What differentiates a great logic model from an average one?
We have worked with many organizations on creating or improving their logic models, and the difference between a great and average one is that the reader can tell what the program does and which methods you need to achieve the stated outcomes. You should be able to look at the logic model — without any other information — and know what the program does and the organization’s secret recipe. A great logic model is an award-winning recipe that can help other organizations replicate the results of your program at another site. It narrows the activities down to only the essential ingredients and helps streamline the data agencies need to collect to demonstrate impact. It also includes a theory of change as a headline for the logic model.
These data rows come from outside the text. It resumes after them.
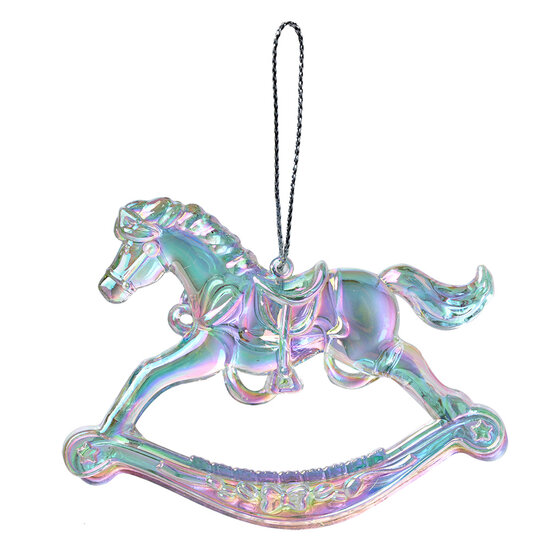 Clayre & Eef | Decoratie Hanger Hobbelpaard Zilverkleurig 8x1x6 cm | 65608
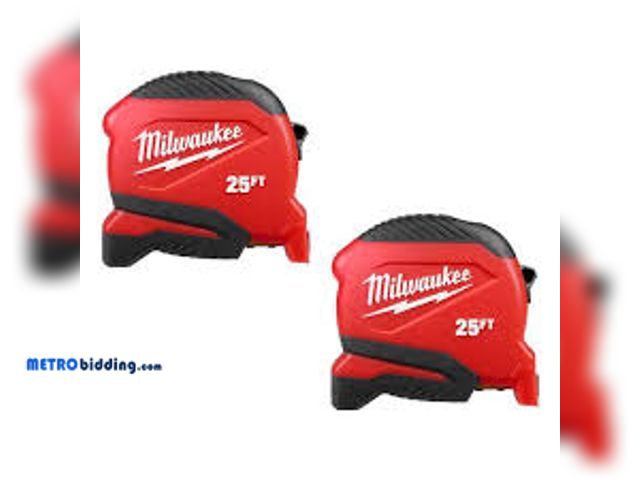 Lot 88-480413 - Milwaukee Compact 25 ft. Tape Measure with Fractional Scale (2-Pack) 48-22-1725-48-22-1725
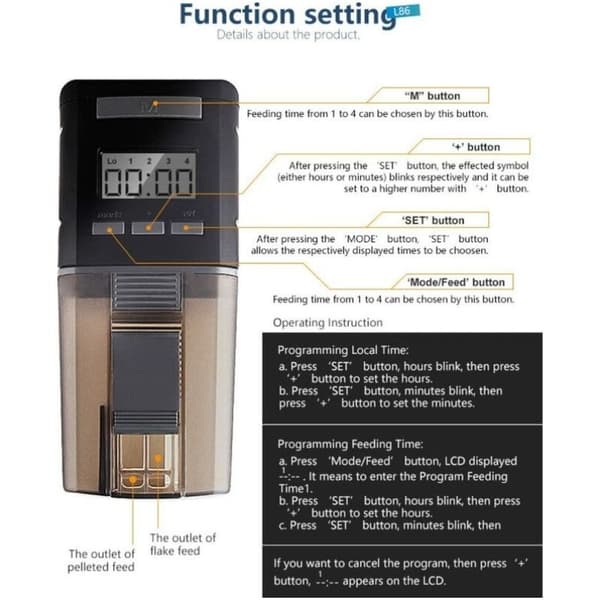Automatisk akvariefiskefoderautomat med automatisk timer til fiskefoder til akvarier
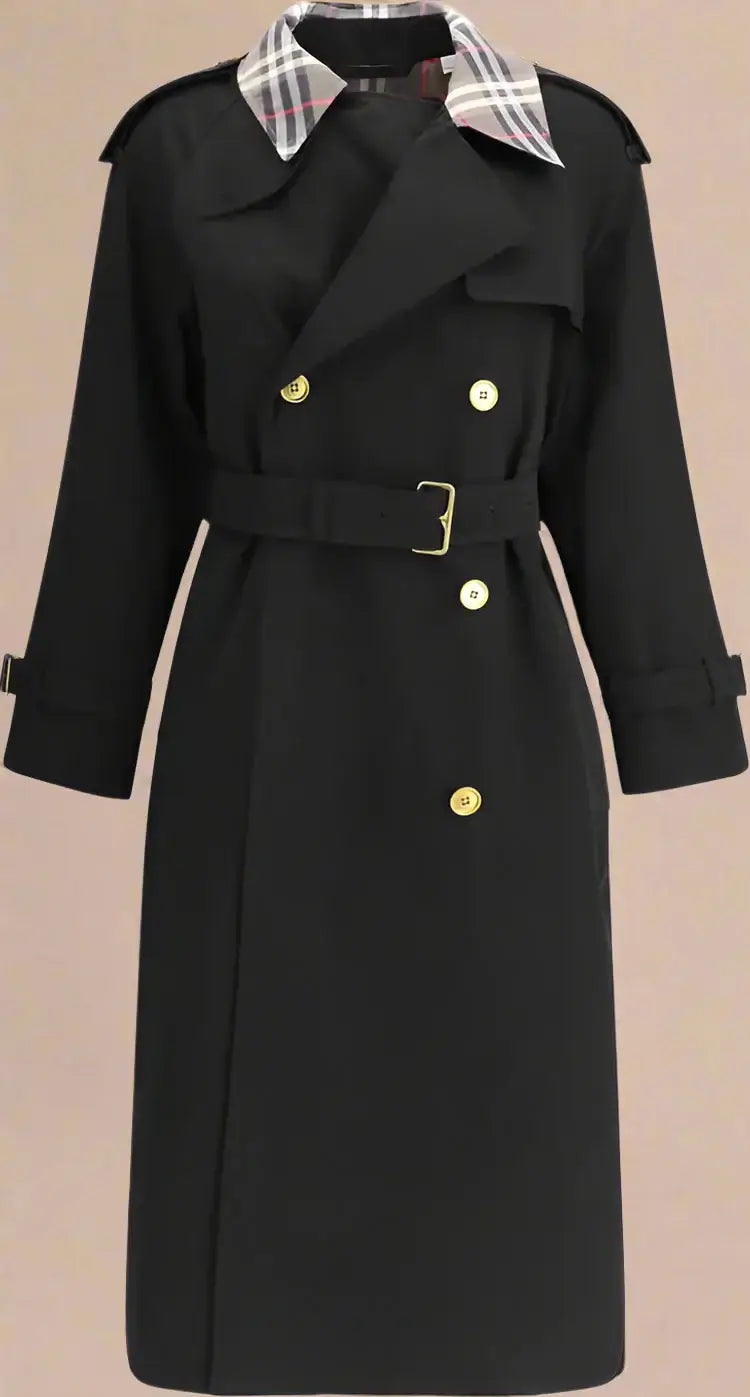 BURBERRY women's black Castleford long Trench Coat with Check collar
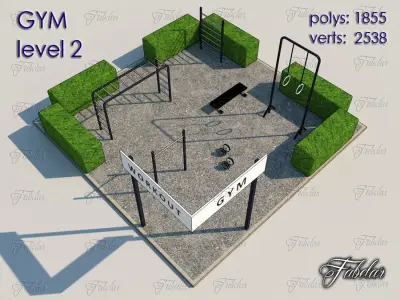 Gym Level Low-poly 3D model shop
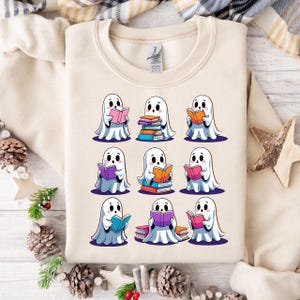 Funny Book Lover Halloween PNG, Cute Ghost Book Nerd, Ghost Halloween PNG, Ghost PNG, Teacher Png, Librarian Sublimation, Spooky Season Png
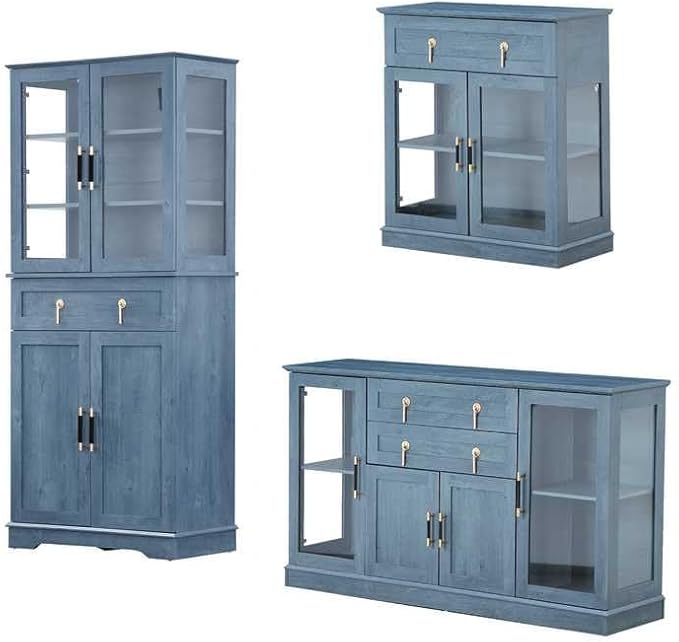Storage Cabinet Set,Three Different cabinets with Glass Doors Fulfilling All Needs for Storage and Showcase,for Kitchen,a Pantry+Large Sideboard+Small Buffet Cabinet (Blue)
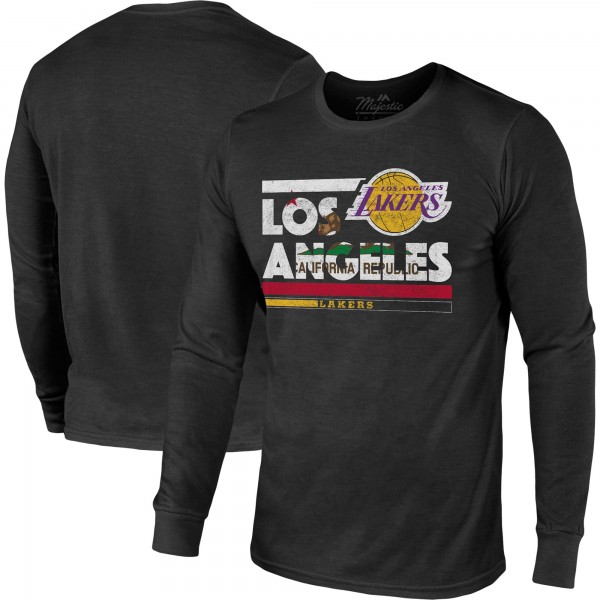 Футболка с длинным рукавом Los Angeles Lakers Majestic Threads City and State Tri-Blend - Black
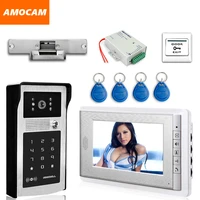 7 lcd video doorbell video door phone intercom system aluminum alloy password camera id cardelectric door strike lock exit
To pressure test your logic model, ask someone unfamiliar with your program to look at your logic model and ask what they observe. If they cannot accurately articulate what your program does, it may be time for a refresh. To go one step further, have them rate it critically based on: clarity, comprehensiveness, coherence and common sense.
As you reflect on the end of the year, we hope you will be inspired to look at your organization’s logic model and assess whether it is time for a new or reimagined recipe. Use this as a time to determine whether your programs are as impactful as you’d like and whether you have the right data to draw and communicate that conclusion. And as always, we’d love to hear what you cook up with and if you have any additional questions.